After a Portland court granted a man's request to legally change his gender to non-binary in June, Medford resident Amiko-Gabriel Oscar Blue had high hopes she could also secure a non-binary designation.
But on Thursday, Jackson County Circuit Court Judge Benjamin Bloom denied Blue's petition for a gender designation change.
Bloom said he does not believe Oregon law allows him to grant a neutral or non-binary gender designation.
"I don't think statutes give me that authority," he said.
Blue got the same response in 2015 when she went before Jackson County Circuit Court Judge Lorenzo Mejia. Mejia said at the time he was saddened to turn down Blue's request and personally would have been happy to grant her petition, but he didn't believe such a ruling would have been legal under Oregon law.
This summer, Multnomah County Circuit Judge Amy Homes Hehn made national news when she granted Jamie Shupe's petition to change his gender to non-binary. Experts believe it was the first ruling of its kind in America.

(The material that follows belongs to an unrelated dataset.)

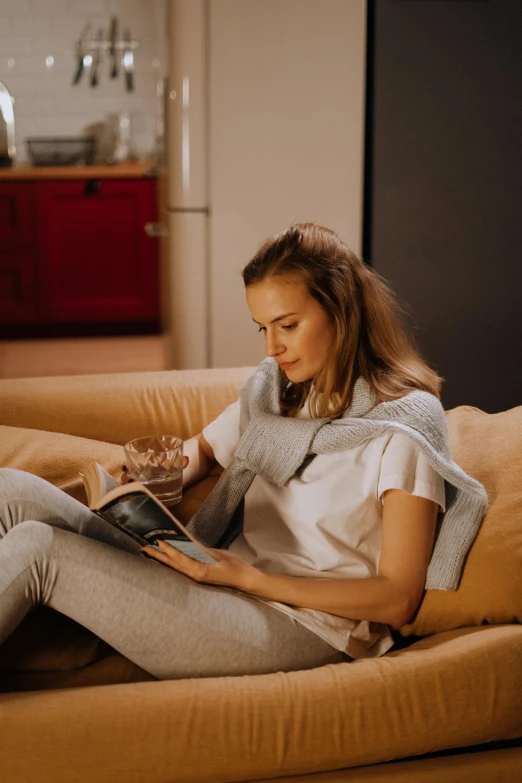 a woman sitting on a couch reading a book, by Adam Marczyński, pexels contest winner, happening, advanced technology, casually dressed, gif, summer evening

Homes Hehn did not present a lengthy legal rationale for the move, but said in a brief ruling that notice of Shupe's request had been made to interested parties, Shupe had undergone appropriate gender transition treatment and no one had shown cause why the request should not be granted.
Bloom said he was aware of the decision in Multnomah County, but does not think Oregon law allows him to grant Blue's petition.
"When the laws change, feel free to come back," he told Blue.
After the court hearing, Blue said she will continue her fight.
"I'm going to come here every year no matter what," she said.
Blue said Bloom treated her with respect during the court hearing, asking whether she wanted to be called Mr., Mrs., Miss or Mx. — a relatively new, gender-neutral term — and then used her preference, Mx.
Blue also prefers the plural pronouns "they" and "their" when people refer to her. The Mail Tribune is using the singular pronouns "she" and "her" for clarity due to the lack of gender-neutral singular pronouns.
Blue said she was surprised by the Jackson County judge's denial, because the Multnomah County judge approved a similar request.
"I was really disappointed in it. I did hope for a different decision," she said.
Blue said suicide rates are high among transgender and gender nonconforming people because of social stigma and violence.
"At the core, what I am trying to do comes down to survival," she said.
Blue said she has never identified as male or female. People who don't identify with one gender, or who don't have a gender identity that is perceived as acceptable, are often shut out of social participation. Social isolation breaks people down both mentally and physically.
Blue's court hearing came during Transgender Awareness Week, during which individuals and organizations around the country are raising visibility and awareness about transgender and nonconforming gender people and the issues they face.
Blue said she was also wearing a safety pin on her shirt collar to show solidarity with minority groups targeted by hate.